Objective: To elaborate the clinical characteristics of congenital pulmonary lymphangiectasia in a neonate with hydrops fetalis. This could be an alert in considering it as a differential diagnosis for neonates with acute respiratory failure.Methods: We reviewed and analyzed single-center registry patients who underwent cadaveric autopsies in the Department of Pathology at Children's Hospital from January 1, 2010 to December 31, 2021. We aimed to explore the perinatal clinical manifestations associated with congenital pulmonary lymphangiectasis (CPL).

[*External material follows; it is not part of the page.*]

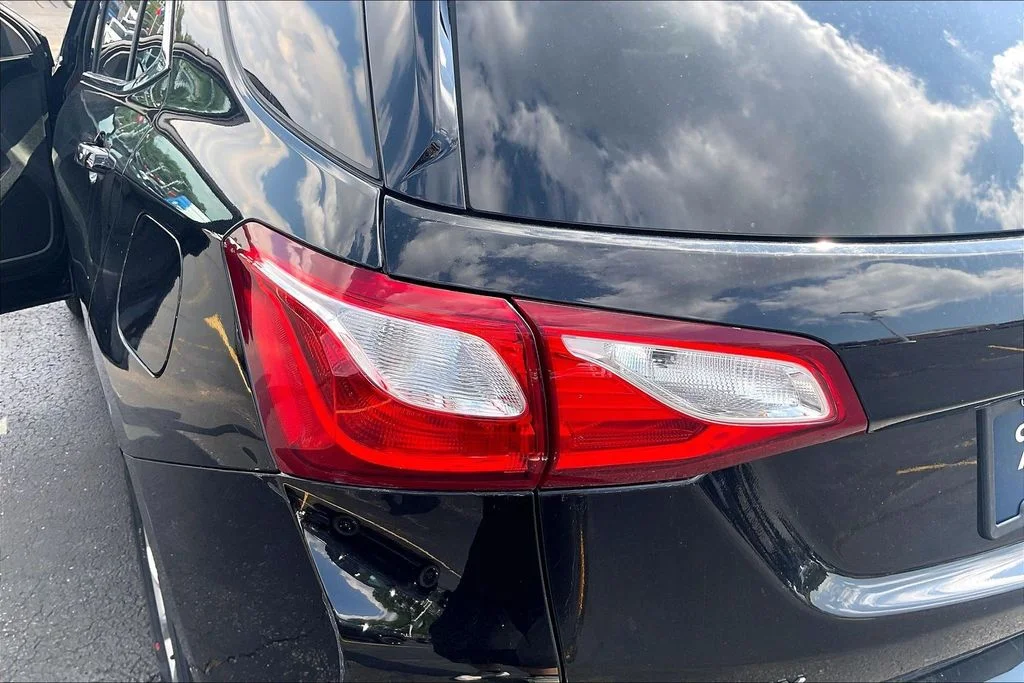 Used 2018 Mosaic Black Metallic Chevrolet LT image 29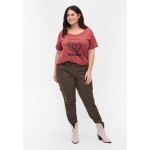 Kobiety T SHIRT TOP | Zizzi T-shirt z nadrukiem - apple butter cali/czerwony - CQ49027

Literature was reviewed to summarize the common features of CPL in pregnancy from individual cases, and to facilitate prenatal and intrapartum diagnosis prognosis, and assessment of medical emergencies.Results: Thirty-four patients were included, and the main causes of death were intrauterine infection (n = 6), severe pneumonia (n = 11), spontaneous pneumothorax (n = 3), hemorrhagic shock (n = 2), CPL (n = 1), and other non-respiratory failure manifestations (n = 12). The manifestations of respiratory distress in CPL were different from those of intrauterine infections and respiratory failure due to parenchymal lung lesions. These include prenatal presentation of fetal edema, postnatal presentation of uncorrectable respiratory failure with severe hypoproteinemia, pneumothorax and interstitial emphysema on imaging, and poor response to treatment with surfactant-like substances. Thus, when the pregnancy tests reveal fetal edema and postnatal presentation of acute, respiratory distress, the diagnosis of CPL should be considered first, and corresponding medical care should be implemented to improve the survival rate.Conclusions: CPL is a rare pulmonary defect, and its perinatal clinical manifestations can often be neglected. For children with prenatal fetal edema who die after birth due to progressive respiratory distress, a timely autopsy is of utmost importance to clarify the etiology, improve understanding of CPL, and diagnose early to allow for proper prenatal and postnatal care.